Fingscheidt, che ha anche scritto la sceneggiatura, dice della sua pellicola: "Ho fatto questo film perché mi interessava raccontare una storia personale che fosse anche socialmente rilevante".

Il suo film racconta la storia di Benni, una bambina violenta che, a nove anni, ha alle spalle già una lunga catena di case famiglie e istituzioni di accoglienza. Benni (Helena Zengel ha elettrizzato la stampa), soffre di rabbia incontrollata. Una bambina piccola, bella e brutale. La sua violenza ha distrutto la sua famiglia e anche le altre dove è stata accolta. Una rete di assistenti sociali che funziona alla perfezione in Germania, ma che non riesce a compiere il miracolo. La piccola Zengel consegna un’interpretazione che va sotto la pelle.

“Ho sempre voluto fare un film su una bambina selvaggia”, dice Fingscheidt. "Sono troppo bravi i bambini che si vedono nei film, da molti anni".

Mentre faceva ricerche per un documentario su una casa per donne senzatetto, un assistente sociale le ha raccontato di una ragazza di 11 anni che si era trasferita nella casa famiglia modello di Amburgo, così violenta, che gli operatori le avevano dato il soprannome di  "sistema antincendio", diventato il titolo del film.
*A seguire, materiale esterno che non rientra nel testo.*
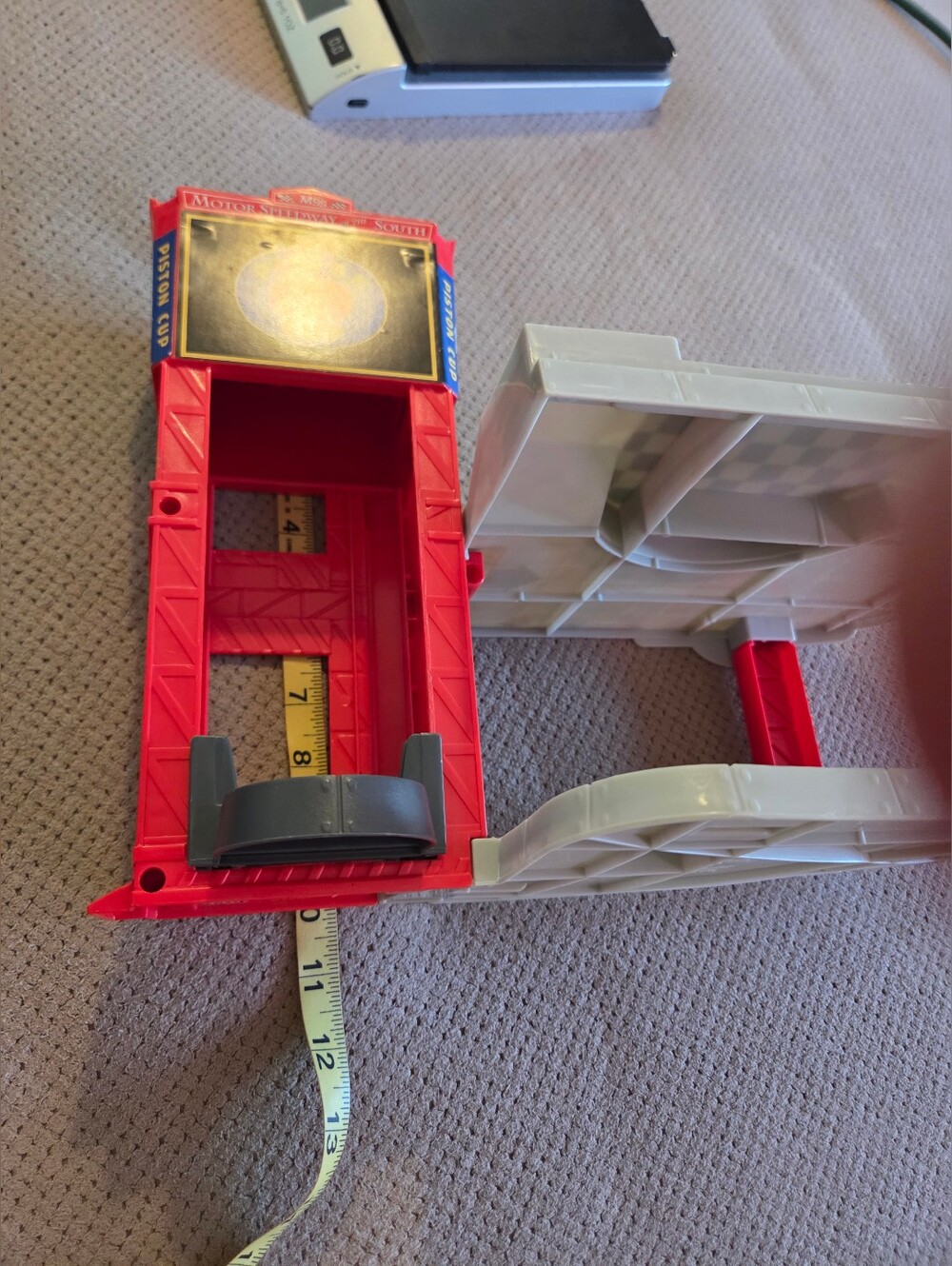 2016 Disney Pixar Cars Piston Cup Racing Garage for Lightning McQueen & Friends - Picture 15 of 16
E altre famiglie che implodono dal di dentro, sotto il peso del silenzio e della vergogna trascinate dall’infanzia nella vita adulta, sono al centro dell’attesa pellicola del francese François Ozon Grâce à Dieu, uno dei favoriti.

I traumi che vengono a galla nella vita di questi personaggi adulti provengono dalle violenze subite da bambini da parte di un rispettato prete di Lione. La scelta del tema il veterano della Berlinale Ozon la spiega così: "Ho fatto molti film su personaggi femminili forti. Volevo fare un film su uomini che lottano per per arrivare a esprimere i loro sentimenti ed emozioni".
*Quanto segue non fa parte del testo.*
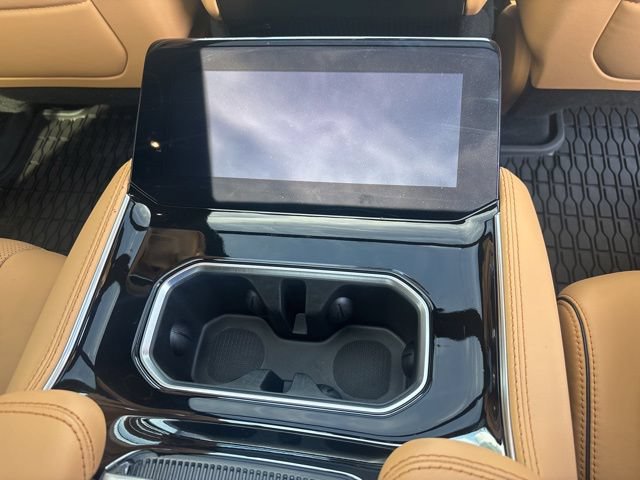Used 2025 Jeep Grand Wagoneer L Series III w/ Rear Seat Video Group 1 AWD/4WD image 28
La storia del prete di Lione Ozon l’ha scoperta per caso. I fatti risalgono alla fine degli anni ottanta, ma sono diventati pubblici solo pochi anni fa. Il processo contro il responsabile di abusi su decine di bambini, e contro l’arcivescovo di Lione e altri cinque prelati è ancora in corso.

Ozon però stringe il racconto sul doloroso percorso privato che ha portato uno dopo l’altro i protagonisti ad elaborare il tabu, unirsi in un’associazione e lottare per mettere insieme un caso giudiziario.

Il coproduttore Eric Altmayer racconta a margine del festival delle difficoltà incontrate per il finanziamento  della pellicola. Problemi venuti dagli stessi partner che hanno sempre sostenuto i film di Ozon.

"A Lione siamo andati contro un muro", racconta Ozon. "Ma questa è una storia che non poteva nascere sotto censura. La verità, per tutti tragica e dolorosa, naturalmente in primo luogo per le vittime, non può conoscere, neanche al cinema, costrizioni". Un film forte,  semplicemente raccontato,  con il dono dell’equilibrio.